**Exercise**.
Lift out, unaltered, the lines of the material below between the line holding "Knobs Collection 2024" and the line holding "pompa-submersibila-apa-curata-wolfson-1100w-d-3---20-turbine", counting both.

**Records for the task**.
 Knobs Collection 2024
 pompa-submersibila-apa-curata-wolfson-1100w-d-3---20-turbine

* * *

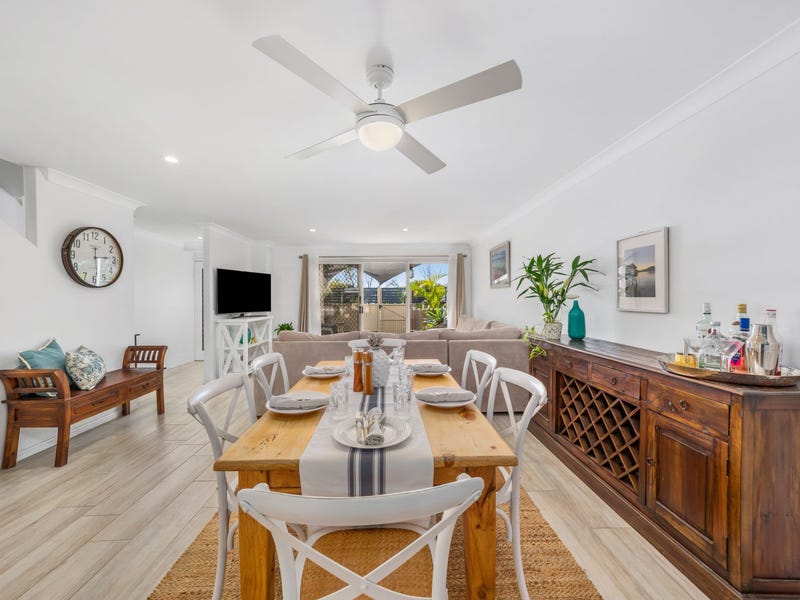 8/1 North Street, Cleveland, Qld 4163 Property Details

**Finished exercise**.
 Knobs Collection 2024
 pompa-submersibila-apa-curata-wolfson-1100w-d-3---20-turbine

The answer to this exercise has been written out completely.